For the Singaporeans, it was an eye opener.
They may look like typical Japanese women: petite, young and attractive.
The youngest of them is just sixteen years of age.
But don’t be fooled by their looks — despite their age, looks and size some of these women rank among the world’s best wrestlers.
The women were in town last Saturday to promote the sport in Singapore, as locals here are traditionally more used to seeing men rather than the fairer sex brawling.
In Japan, however, there are more than 200 women wrestlers on five circuits.
There, women’s pro-wrestling is so popular that the girls usually have to hide behind sunglasses so they aren’t mobbed by enthusiastic fans.
For many Japanese, even those now living in Singapore, the wrestlers defy the typical image of how a woman should behave.
But the wrestlers’ popularity is just because they are seen as ordinary and normal — while also being nonconformist.
They represent something removed from the ordinary constraints of Japanese life.
Off stage the wrestlers insist their girl-next-door image is true.
“In the ring, I am a big fighter. I do not care about anything else. But outside the ring, I can cook, and do all the other things that ordinary women do.”
SUPER CAPTION: Nagayo Chigusa, wrestler
Nagayo Chigusa is 31 and has devoted the past 17 years to the sport she loves.
Together with 35-year-old Devil Masami, the other pioneer in Japanese pro-women’s wrestling, the two have enthralled and entertained fans.
The heavyweights say for a woman to make it in wrestling, it’s not bulk that counts but guts, perseverance and an athletic background plus a flair for showmanship.
And on Saturday’s exhibition show, theatrics play a big part, just as in matches staged by men of the World Wrestling Federation.

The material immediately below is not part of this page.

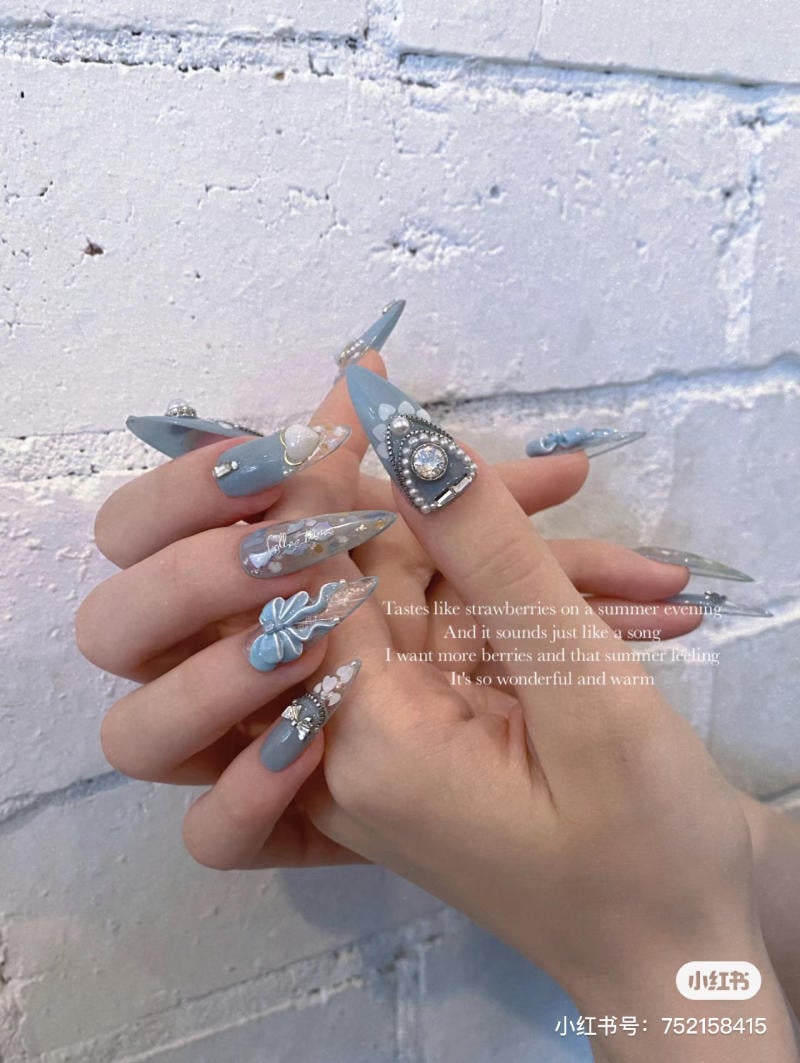 mau-nail-mong-nhon-dai__5__b018d5aa5bb94621aded9c338bc88069 Bàn tay với móng tay dài, trang trí màu xanh dương và họa tiết nổi bật, nền gạch trắng.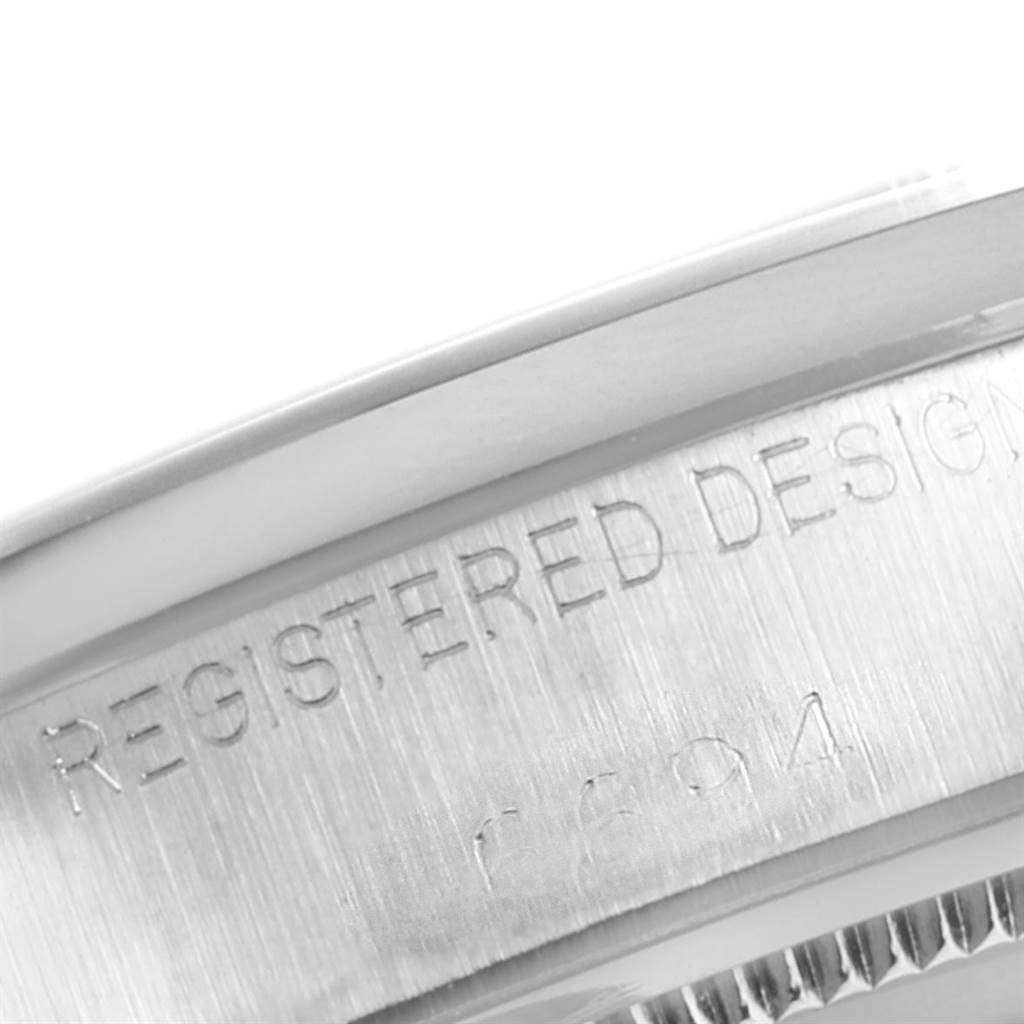 This close-up image shows the engraved edge of the Rolex Vintage Collection 6694 Men's Stainless Steel Silver Dial 6694 Men's Stainless Steel Silver Dial watch case.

But unlike the men’s matches, the troupe are keen to point out that nothing is staged, everybody, they say, is prepared for violence and accidents.
And in spite of the sport’s lighter, sometimes comic moments, each wrestler is insured for a serious one (m) million U-S dollars.
But not every sparring wrestler will make the cut.
“I get about 100 applicants each year. I accept about thirteen. But only six are real wrestlers.”
SUPER CAPTION: Yuka Sugiyama, President Gaea Japan Circuit
Champ Nagayo Chiguea is one of those rare breeds.
To make the cut, she does 100 kilogramme bench presses, 10 kilometre jogs, two hour karate workouts and hundreds of sit ups, chin ups and sparring sessions — and that’s every day.